The Internet Personified: Over the bridge
Me and Patpargunj
My precious penguins,
Have you missed me? Since we last spoke (a month ago! the longest hiatus this newsletter has taken!) I’ve been around the world, sort of. We took a longish train trip from Berlin to Budapest and then flew to Istanbul for a few weeks. It was lovely, and freezing, snow in the streets, trams moving through white flurries, everything so still and white and cold. Now here I am back in Delhi, separated from my beloved, and the cold memories feel like a fever dream. My curtains are pulled against the sun, the fan is on on full blast, if I leave this room, the backs of my knees and the tip of my nose will be damp with sweat in no time at all.
Home in Delhi is my mother’s house. That’s a thing that has changed for me in the three months I was away this time. Moved from South Delhi to the East, where she’s been living all this while, as I made my jaunts across the city, across the country, across the world.
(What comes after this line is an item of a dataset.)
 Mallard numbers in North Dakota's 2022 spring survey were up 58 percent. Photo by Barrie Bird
My mother lives in Patpargunj, one in a little set of grey flats, the outsides covered with gravel, the insides with two bedrooms, a living room, a kitchen, a balcony. Large for one person, perfect size for two, maybe a bit of a squeeze for three. Some people live here with their entire extended families: brothers and their wives and children in each bedroom, a grandparent in the living room sleeping on the day bed.
My mother loves living in Patpargunj, she likes the convenience of her “society,” where electricians and plumbers are just a call to the gate away. She likes the power back up (actually so do I), and the bustle of the market across the road with its warren-like streets, where humans and cars become a traffic jam together, dust flies up into our noses and you can get anything you’d humanly want. We went there yesterday looking for a tailor. I took out my phone to check Google maps, but it went into its own spiral, every time I looked for a turn to take a left or a right, it wasn’t there. In the end, Maps itself gave up long before my mother did, tiredly telling us that our destination was twelve minutes away on foot, no matter how much we walked.
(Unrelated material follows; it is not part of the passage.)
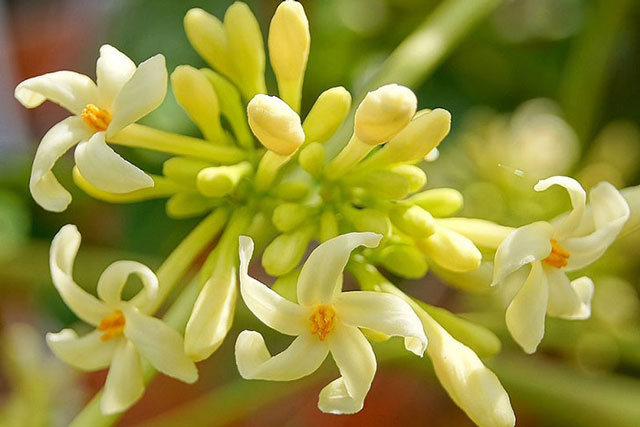 Bật mí 3 cách xào hoa đu đủ đực thơm ngon, đầy đủ dinh dưỡng lại không lo bị đắng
My mother likes to ask for directions, I? I’d rather not speak to anyone unless absolutely necessary. At parties, I summon up my courage, at airports, I look for clearly marked signs, the longest I’ve been without talking to another human being while still being out in the world was several hours. I’d just rather not, I’d rather not. This is my number one instruction for people who come to visit me and then want to go exploring by themselves: don’t talk to anyone. I think the problem is I don’t know how to stop the conversation once I start, when can I stop being polite to the older gent next to me on the train and just look down at my book again? Do I have to keep up the conversation each time I get up or sit down? Do I have to answer questions when I don’t feel like it? How rude is too rude? So much easier to pull up my walls, pull down my curtains, offer a polite quirk of my mouth as a greeting and then disappear into music, books, looking out of the window, anything to preserve my sense of peace with the world. People are very bad for peace (and I keep choosing to live in cities and make friends over and over again.)
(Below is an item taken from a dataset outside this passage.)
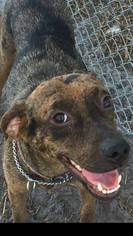 Catahoula Leopard Dog-Unknown Mix Dogs for adoption in Loxahatchee, FL, USA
East Delhi, unlike South, is full of human interactions, even though I am in and out in an Uber, whizzing towards the Delhi I know as often as I can manage it. South Delhi is where I am a grown up, East Delhi is where I am a child. This flat was finished in the early 90s, we moved in briefly. I was eleven. We had cable television for the first time, and I watched kids shows in the morning as I got dressed. There was a group of children, all of us new to the area and to each other. We played together, but also kept an eye on one another warily. We were feral, a pack, leaderships coming and going. I didn’t care, I was never at the top: too odd, too bookish, too “English” even to ever win an election. I didn’t particularly like them, they didn’t particularly like me, but we didn’t need to like each other, we just needed to be collected, flat by flat, by two children, swelling into four, swelling into six, till we were enough to play a game. Ice-Spice, perhaps. (Which, for my non-Indian readers is what I Spy turned into after being rolled around in mouths, like sharp pebbles losing their edges.) Statue: where one child turned around and counted and you had to move and then stand still before the counter could catch you. We had little concerts: dance performances (I was the emcee for one of them), pot lucks (one girl brought jal jeera from her house, and I remember the spicy smell of it, how she kept drinking it herself), but they were not my Real Life, I always thought. My Real Life was still at school, Central Delhi at the time, my Real Friends were still my school friends, this was all just me marking time until I could return to it.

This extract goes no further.